Covenantal Economics and Covenantal Literature

I am reading Dr. Gary North’s The Covenantal Structure of Economics to prepare for a similar project on literature.

I was struck by this resounding theme in Dr. North’s book: “The concept of planning must be front and center in Christian economic theory” (29).

This planning must be future-oriented. It’s not irrational. It’s based on cause/effect forecasting. But it is imaginative. It’s not just focused on what is, but what could be.

In the appendix, Dr. North reprints his essay “From Reason to Intuition.” He writes:

Alfred Marshall, the influential nineteenth-century Cambridge economist, wrote that an economist ‘needs the three great intellectual faculties, perception, imagination and reason: and most of all he needs imagination.’

From the quotation’s context, I would say that Dr. North agrees with Marshall or at least does not adamantly disagree.

Why do I bring this up?

A biblical view of the imagination is the bedrock of a biblical view of literature.
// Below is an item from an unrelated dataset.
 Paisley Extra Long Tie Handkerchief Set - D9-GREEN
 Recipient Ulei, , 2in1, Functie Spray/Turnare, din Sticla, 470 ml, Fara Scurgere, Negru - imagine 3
Here’s how Northrop Frye, a famous 20th century literary critic, addresses the connection between literature and imagination:

So we begin to see where the imagination belongs in the scheme of human affairs. It’s the power of constructing possible models of human experience.

The Educated Imagination

That construction involves a particular use of language, and it’s the kind of language use that generates things like poem, plays, and novels.

The imagination can also generate ideas for resource allocation that get translated into the practical language of business plans.